Pauline, eine Sopranistin mit viel Temperament, lebte 55 Jahre lang mit Strauss. Permanent eifersüchtig, aufbrausend und ihren Mann drangsalierend, war sie doch in all den Jahren stets die wichtigste Person in seinem Leben. Mehr als einmal soll sie ihm Untreue vorgeworfen haben, mehr als einmal drohte sie mit der Scheidung - trotz allem war sie ihm Muse, Vertraute und Lebensmensch, wie überlieferte Briefe belegen.

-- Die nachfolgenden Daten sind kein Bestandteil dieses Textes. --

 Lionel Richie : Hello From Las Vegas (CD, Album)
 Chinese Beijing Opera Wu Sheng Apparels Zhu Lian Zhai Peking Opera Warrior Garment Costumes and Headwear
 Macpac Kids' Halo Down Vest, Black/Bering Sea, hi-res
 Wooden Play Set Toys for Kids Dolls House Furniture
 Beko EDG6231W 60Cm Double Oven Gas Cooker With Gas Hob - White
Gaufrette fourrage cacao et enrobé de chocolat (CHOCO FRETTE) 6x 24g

„Der Großpapa wäre nicht vorstellbar ohne die Pauline. Sie war seine Muse, seine Geliebte, seine Feindin, sie war eigentlich alles, und hat ihn unglaublich beschützt und bewahrt vor Äußerlichkeiten. Und hat ihn auch vor sich selbst bewahrt“, erzählt Enkel Christian Strauss in Thomas von Steinaeckers TV-Dokumentation „Richard Strauss und seine Heldinnen“. „Er wäre eher der Typ, der dann sitzen bleibt oder auch eine ganze Schachtel Zigaretten raucht, zu viele Süßigkeiten isst, im Alter natürlich. Sie war da wie ein Cerberus, aber in Liebe. Sie wird sehr verkannt, die Frau“, so der über 80-Jährige.

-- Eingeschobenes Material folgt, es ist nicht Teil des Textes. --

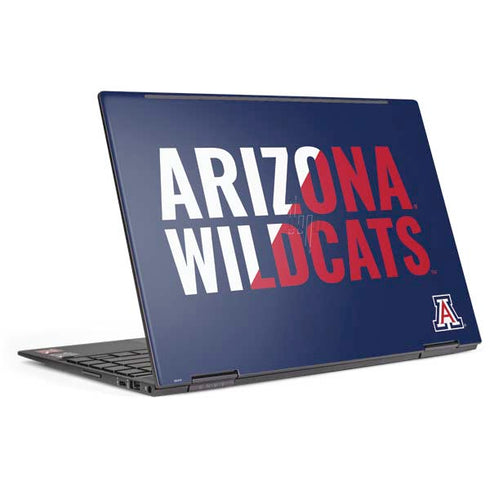 University of Arizona Wildcats Logo Split Blue HP Envy Skin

Die musikalische Liebeserklärung vor dem Tod

Ein Jahr nach seinem Tod wurden Strauss’ „Vier letzte Lieder“ uraufgeführt, die der Komponist in seinen letzten Lebensjahren nach Gedichten von von Hermann Hesse und Joseph von Eichendorff verfasst hat. „Wir sind durch Not und Freude / gegangen Hand in Hand“ heißt es im letzten Lied „Abendrot“, einer Auseinandersetzung mit Tod und Abschiednehmen - und zugleich eine der ergreifendsten Liebeserklärungen der Musikgeschichte, einer Liebeserklärung an seine Frau Pauline.